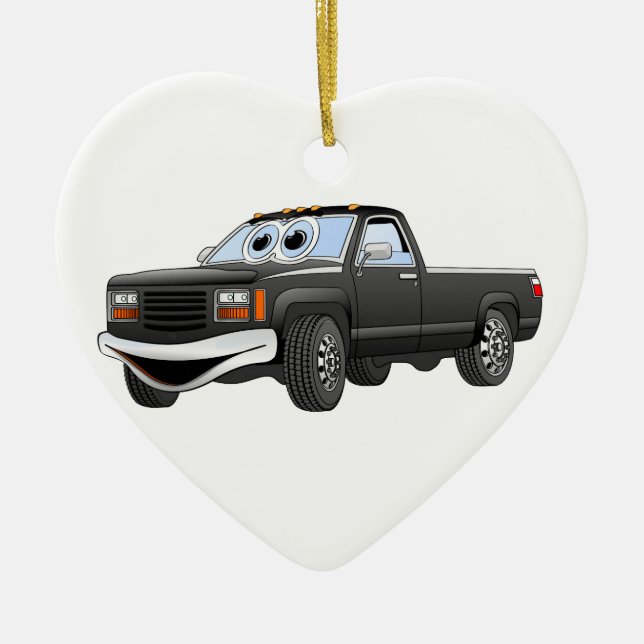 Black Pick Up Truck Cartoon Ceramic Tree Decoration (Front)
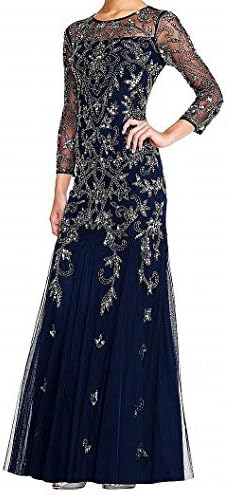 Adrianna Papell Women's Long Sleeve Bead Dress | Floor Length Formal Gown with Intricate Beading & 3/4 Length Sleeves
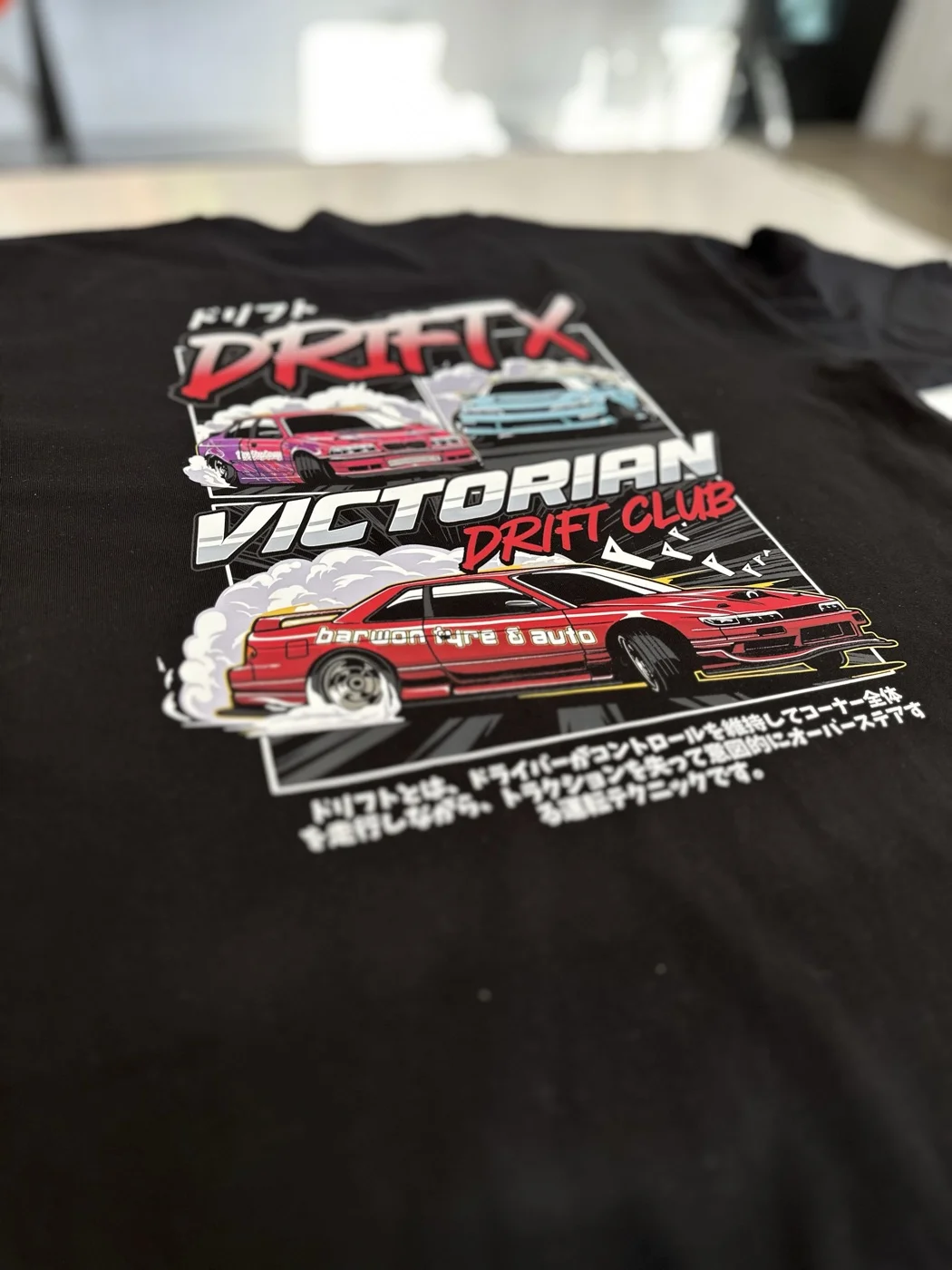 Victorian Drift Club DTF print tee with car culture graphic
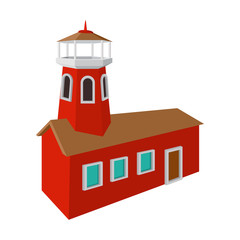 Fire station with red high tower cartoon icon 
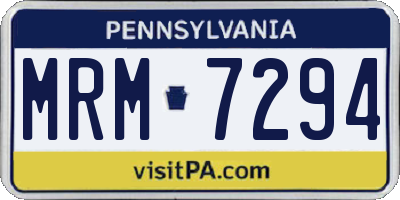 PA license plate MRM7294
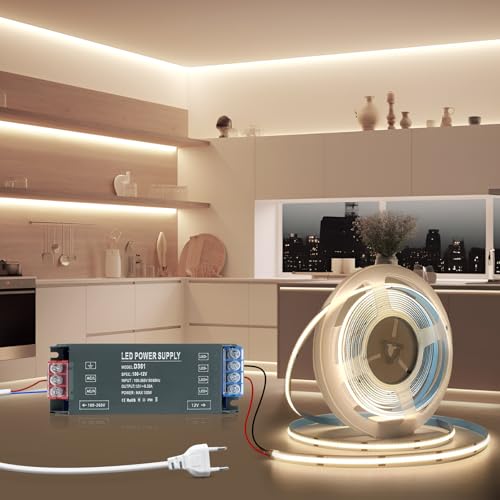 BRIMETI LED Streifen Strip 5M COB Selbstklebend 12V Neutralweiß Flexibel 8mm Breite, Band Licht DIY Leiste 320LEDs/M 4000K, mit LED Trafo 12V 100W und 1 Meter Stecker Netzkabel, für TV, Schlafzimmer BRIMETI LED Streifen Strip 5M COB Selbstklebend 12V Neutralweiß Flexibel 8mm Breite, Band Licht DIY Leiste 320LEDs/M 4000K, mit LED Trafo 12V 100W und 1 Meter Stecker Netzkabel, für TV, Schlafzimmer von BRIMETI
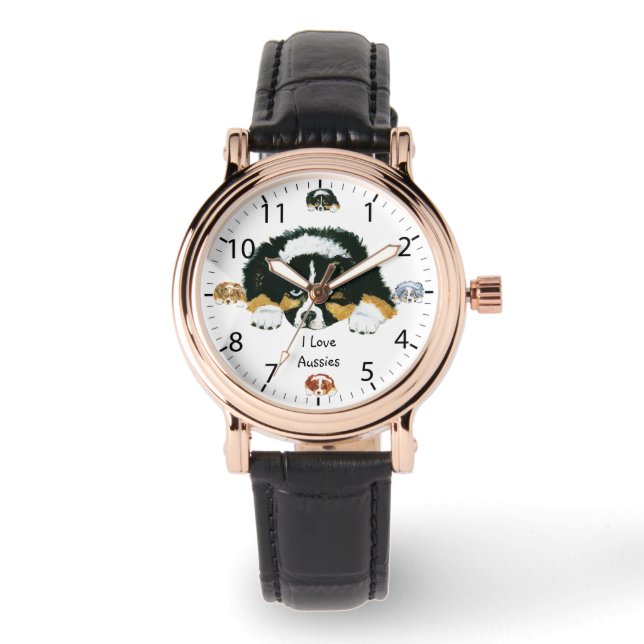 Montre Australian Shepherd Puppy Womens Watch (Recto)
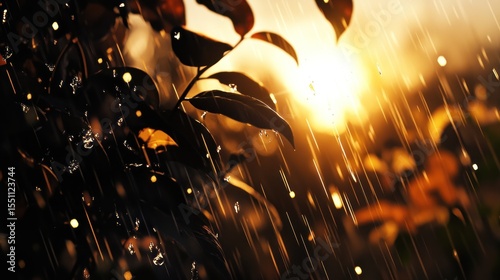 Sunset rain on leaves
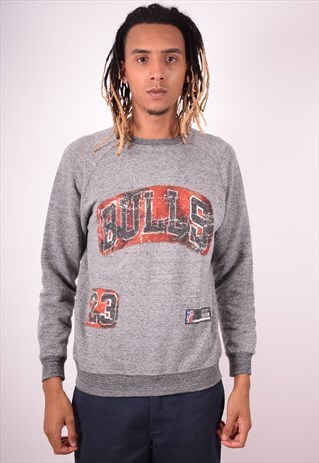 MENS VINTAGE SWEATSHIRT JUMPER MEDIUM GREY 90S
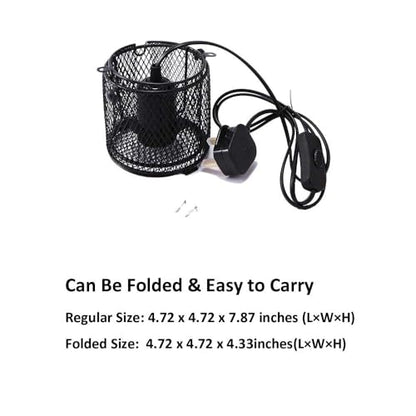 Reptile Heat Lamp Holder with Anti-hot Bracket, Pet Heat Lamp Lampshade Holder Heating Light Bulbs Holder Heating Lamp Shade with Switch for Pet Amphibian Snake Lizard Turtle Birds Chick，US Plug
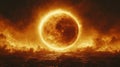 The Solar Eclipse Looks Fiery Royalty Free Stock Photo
+++++
→ Task description
Write out the full listing verbatim, excluding its pictures.

→ Problem solution
 Black Pick Up Truck Cartoon Ceramic Tree Decoration (Front)
 Adrianna Papell Women's Long Sleeve Bead Dress | Floor Length Formal Gown with Intricate Beading & 3/4 Length Sleeves
 Victorian Drift Club DTF print tee with car culture graphic
 Fire station with red high tower cartoon icon 
 PA license plate MRM7294
 BRIMETI LED Streifen Strip 5M COB Selbstklebend 12V Neutralweiß Flexibel 8mm Breite, Band Licht DIY Leiste 320LEDs/M 4000K, mit LED Trafo 12V 100W und 1 Meter Stecker Netzkabel, für TV, Schlafzimmer BRIMETI LED Streifen Strip 5M COB Selbstklebend 12V Neutralweiß Flexibel 8mm Breite, Band Licht DIY Leiste 320LEDs/M 4000K, mit LED Trafo 12V 100W und 1 Meter Stecker Netzkabel, für TV, Schlafzimmer von BRIMETI
 Montre Australian Shepherd Puppy Womens Watch (Recto)
 Sunset rain on leaves
 MENS VINTAGE SWEATSHIRT JUMPER MEDIUM GREY 90S
 Reptile Heat Lamp Holder with Anti-hot Bracket, Pet Heat Lamp Lampshade Holder Heating Light Bulbs Holder Heating Lamp Shade with Switch for Pet Amphibian Snake Lizard Turtle Birds Chick，US Plug
 The Solar Eclipse Looks Fiery Royalty Free Stock Photo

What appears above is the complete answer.